Dentro del complejo está la joya: la Pagoda de Plata, llamada así por las más de 5.000 losas de plata que cubren su suelo. Allí se encuentra un Buda de esmeralda y otro de oro macizo, custodiados por el silencio de los fieles. El lugar invita al recogimiento. No hay prisa. Ni siquiera las cámaras parecen capaces de captar lo que se siente allí dentro.
🏛 El Museo Nacional: lo que el tiempo no borró
Muy cerca, con su color rojo intenso y tejados en forma de naga, está el Museo Nacional de Camboya. Es más que un museo: es un santuario del pasado. Entre estatuas de Vishnu, Shiva y Buda, uno entiende que Camboya no empezó en Angkor, ni terminó con los Jemeres Rojos. Hay mil años de arte, de fe, de poder tallado en piedra.
Caminar por sus salas es un viaje al corazón del Imperio Jemer, y a la profundidad espiritual de su gente.
⚫ Tuol Sleng: el lugar donde se escuchan los silencios
En el barrio de Boeung Keng Kang, una antigua escuela convertida en prisión de la que ya os hemos hablado. La atmósfera es densa, no de morbo, sino de memoria viva. No se habla. Solo se camina. Solo se respeta.
⛩ Wat Phnom: donde todo empezó
Subiendo una pequeña colina en el norte de la ciudad está Wat Phnom, el templo fundacional. Cuenta la leyenda que una mujer llamada Penh encontró estatuas de Buda flotando en el río y decidió construir este templo en su honor.
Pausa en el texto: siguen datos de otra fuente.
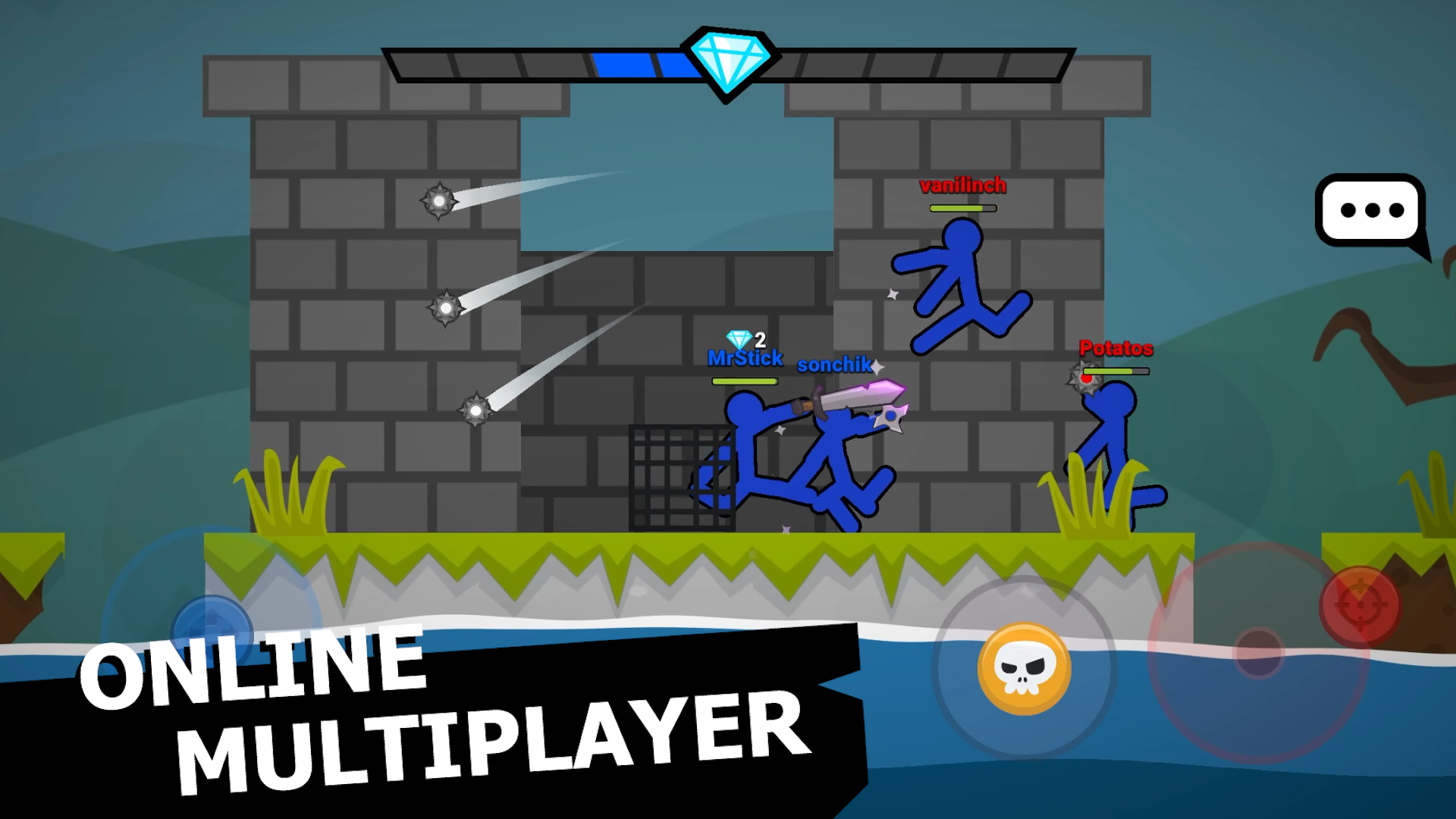 اسکرین شات 1 بازی Stick Game: Online Duelist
Así nació Phnom Penh: la colina de Penh.
El templo no es el más majestuoso, pero sí el más simbólico. Desde arriba, se ve la ciudad vibrar. A veces, los locales sueltan aves en libertad como símbolo de renovación. A veces, los turistas lanzan flores o deseos. Aquí no importa la religión. Importa el alma.
🛍 Los mercados: donde late la ciudad
Después, el cuerpo pide bullicio, color y sabor. Y para eso, Phnom Penh tiene sus mercados.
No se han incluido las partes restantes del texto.